One thing I learned in a course on how to use it was to polish the fingers til they shined like the back of a chisel. Once I did that the jig worked sooo much better.

Lee


----------



## teenagewoodworker (Jan 31, 2008)

wow how do you do that? i cleaned it up a bit when i got it but never thought of polishing it


----------



## mattg (May 6, 2008)

I own a D4R, bought it last year. It is intimidating, but once you have a project like a Highboy, with lots of drawers, it will come 2nd nature. I'm still debating whether I should buy the router bit set for it. All I own now are 3 bits. I want to try some mini dovetails for my next jewelry chest project. I love my jig, if only I could get my P/C 690 concentric, thats gonna be a feat!!


----------



## jcash3 (Dec 15, 2007)

i've got the mini dovetails for it, they do great. that's what i used on the prayer box under my projects.

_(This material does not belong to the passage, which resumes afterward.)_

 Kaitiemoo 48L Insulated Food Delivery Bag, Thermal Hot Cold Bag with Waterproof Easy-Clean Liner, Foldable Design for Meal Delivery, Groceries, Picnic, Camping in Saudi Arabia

I am interested on how you polish the fingers. I've had mine 3 years and never thought to do that.


----------



## Sawdust2 (Mar 18, 2007)

You know how to polish the back of a chisel until it shines? You keep rubbing it on your wetstone or oilstone until it is mirror smooth.
You do each of the fingers the same. Then you put them on the bar in the order that keeps them most nearly the same size to each other. They should almost look like stainless steel.

Will it improve the end product? Only as much as shining the back of a chisel improves the end product.

Lee


----------



## croessler (Jun 22, 2007)

OK… Were did you manage to find one of these used?


----------



## teenagewoodworker (Jan 31, 2008)

craigslist!


----------